Model Overview
NVIDIA's Llama-3.1-Nemotron-Safety-Guard-8B-v3 is an 8 billion parameter multilingual content safety model designed to moderate human-LLM interactions. Built upon Meta's Llama-3.1-8B-Instruct, this model has been LoRa-tuned by NVIDIA to align with its content safety risk taxonomy.
Key Capabilities
- Content Moderation: Classifies user prompts and LLM responses as 'safe' or 'unsafe'.
- Category Identification: For unsafe content, it provides a list of violated safety categories.
- Multilingual Support: Officially supports 9 languages (English, Spanish, Mandarin, German, French, Hindi, Japanese, Arabic, Thai) and shows zero-shot generalization across over 20 languages.
- Customizable Taxonomy: Can be prompted with a custom instruction and taxonomy of unsafe risks, allowing for novel category detection beyond its training data.
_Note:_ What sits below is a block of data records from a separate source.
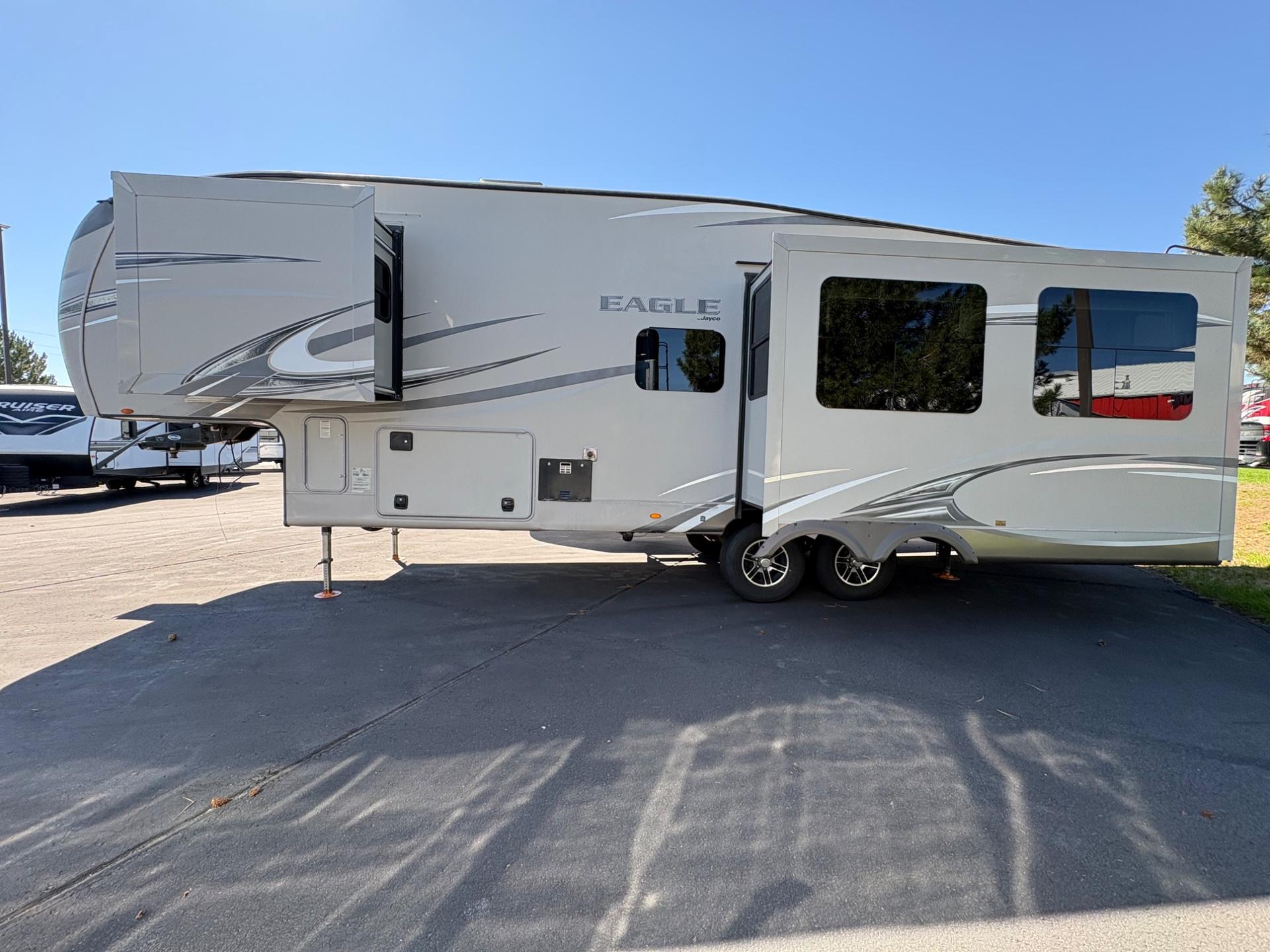 2017 Jayco 2017 Jayco Eagle - thumbnail 3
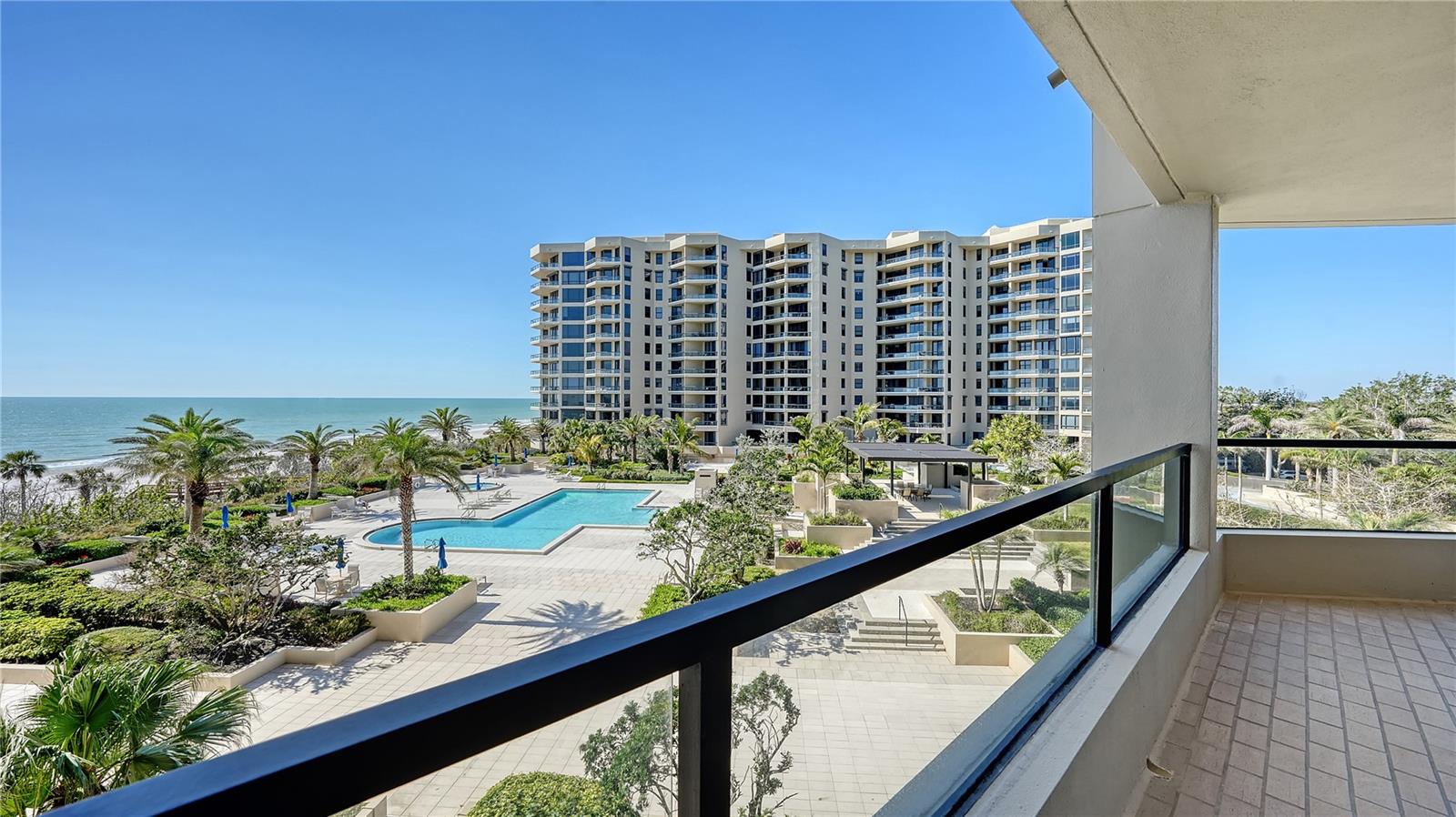 1211 GULF OF MEXICO DR #207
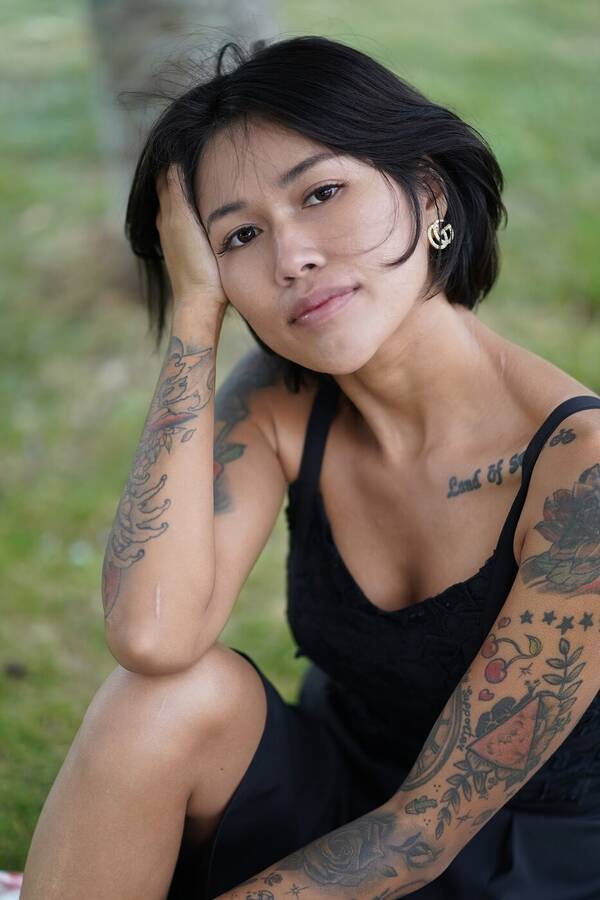 model Vee Henrina lifestyle modelling photo taken by @My_Family_Day_Photography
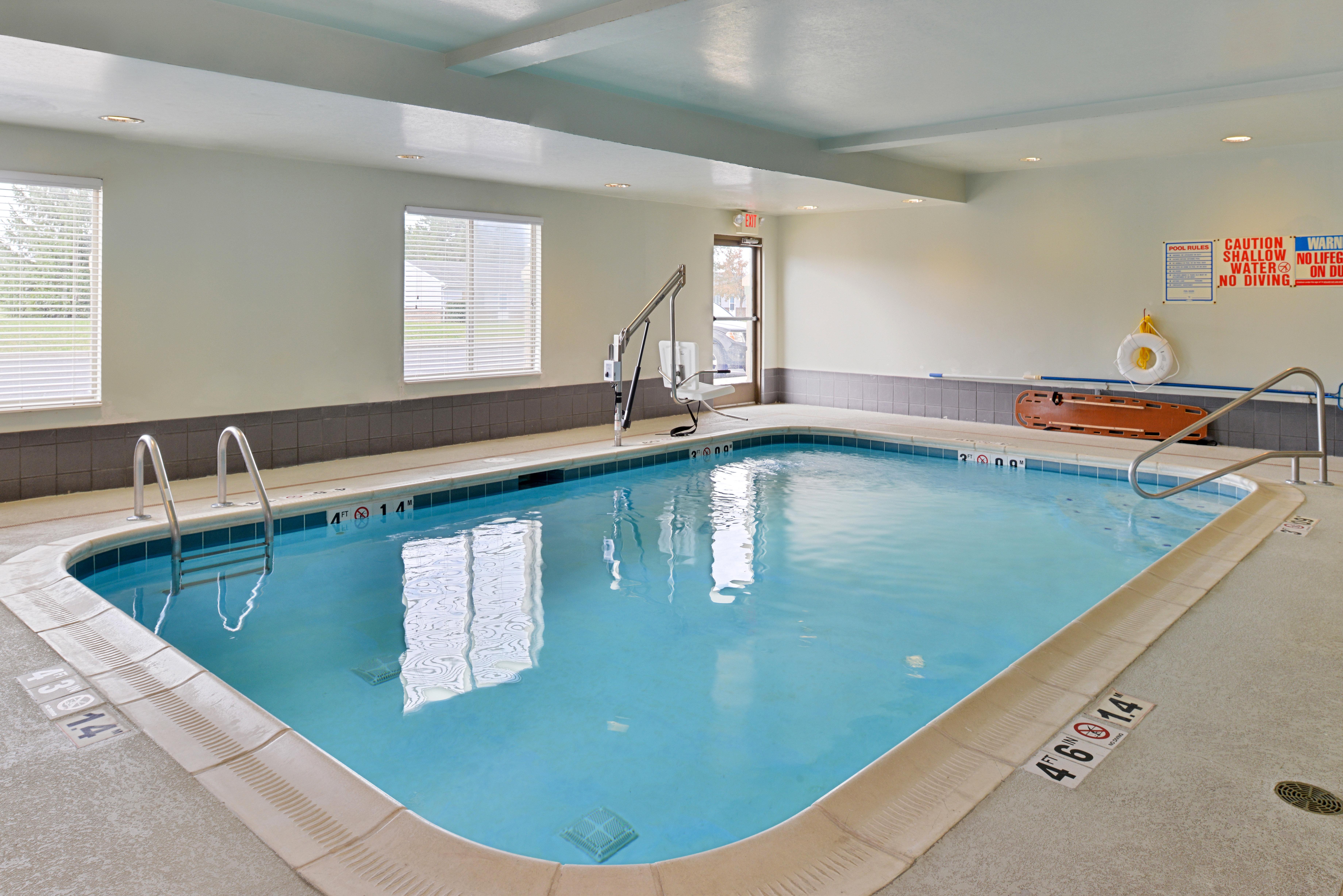 Holiday Inn Express Hotel & Suites Greenville By Ihg Dış mekan fotoğraf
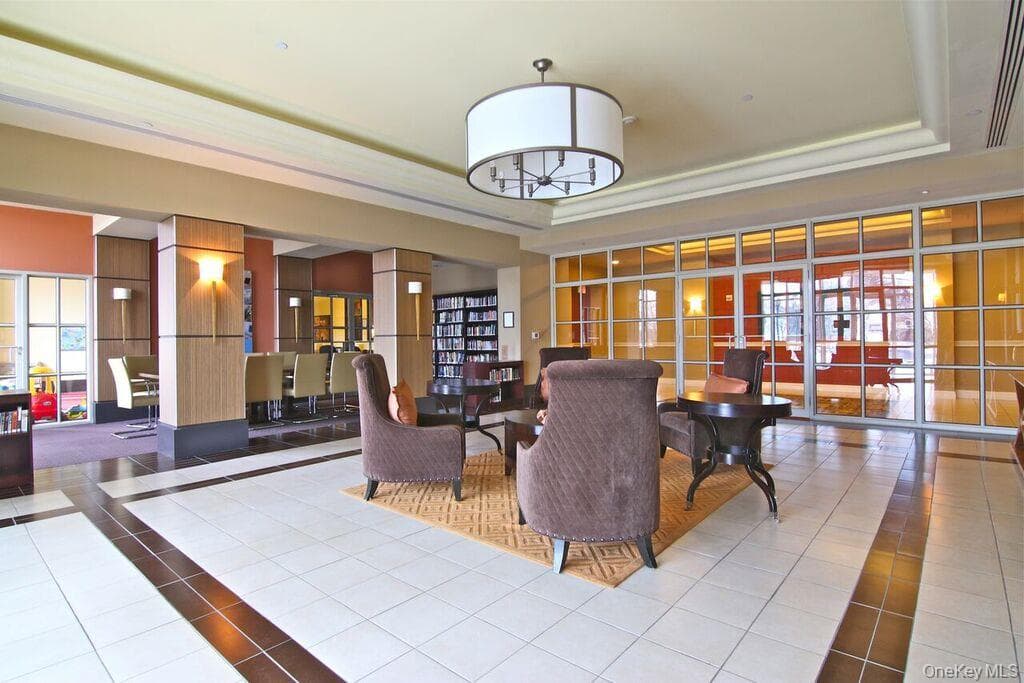 300 Mamaroneck Avenue Unit: 201 thumbnail 4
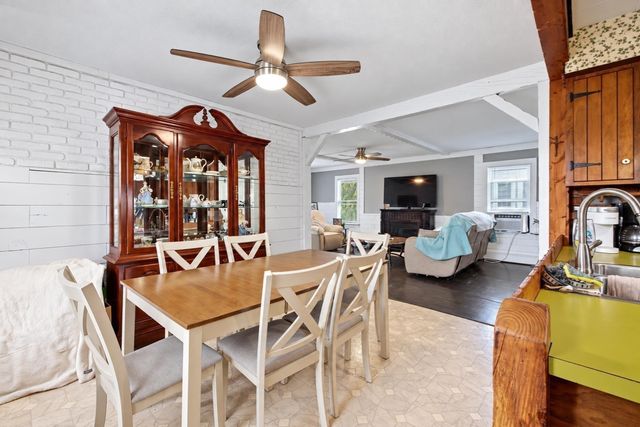 38 Gifford Ave, Dartmouth, MA 02747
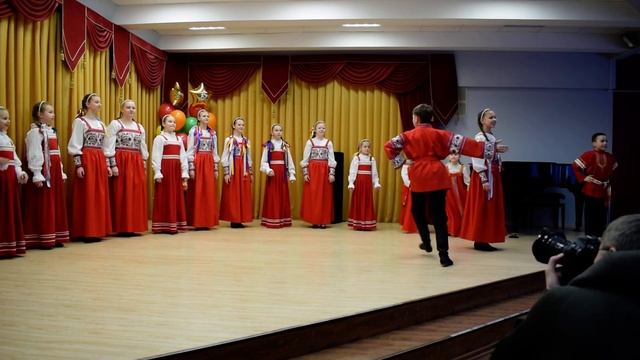 " Образцовый ансамбль русской песни "Веснушки" - Вдоль по улице, улице широкой" смотреть онлайн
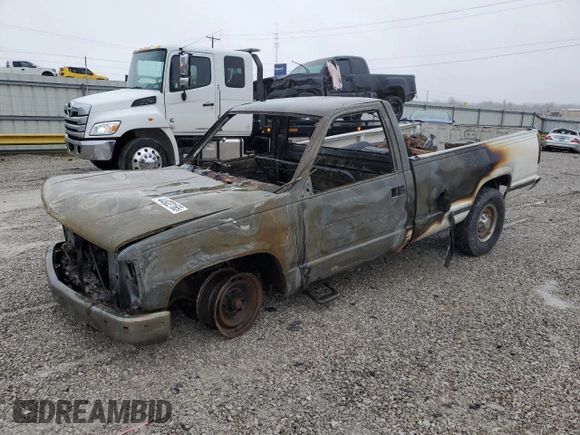 1997 GMC Sierra 1500 with VIN 1GTGC24R3VZ522487, listed as a Copart auction lot 44922165 with Not Provided miles and Non Repairable. Bid and sale history available at DreamBid. Image 1.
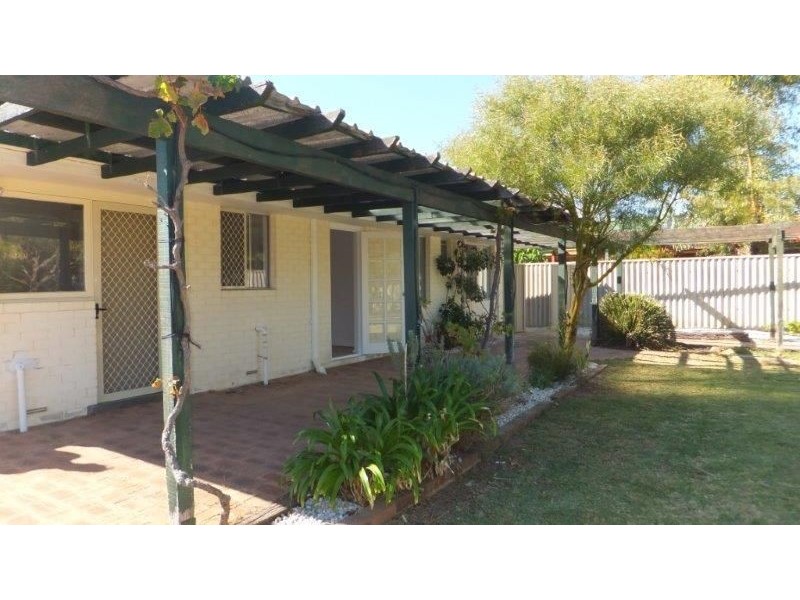 28 Leichhardt Ave, Padbury WA 6025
- Commercial Use: Ready for commercial deployment.
Training and Performance
The model was trained using the synthetically curated Nemotron-Safety-Guard-Dataset-v3, developed via the CultureGuard pipeline. It achieves strong evaluation scores across various safety datasets, including 85.32 on Nemotron-Safety-Guard-Dataset-v3 and 96.79 on Aya Red-teaming.
Use Cases
This model is intended for developers and researchers building LLMs who require robust, multilingual content safety mechanisms to ensure responsible AI deployment. It outputs safety assessments in a structured JSON format, indicating user and response safety status along with relevant categories.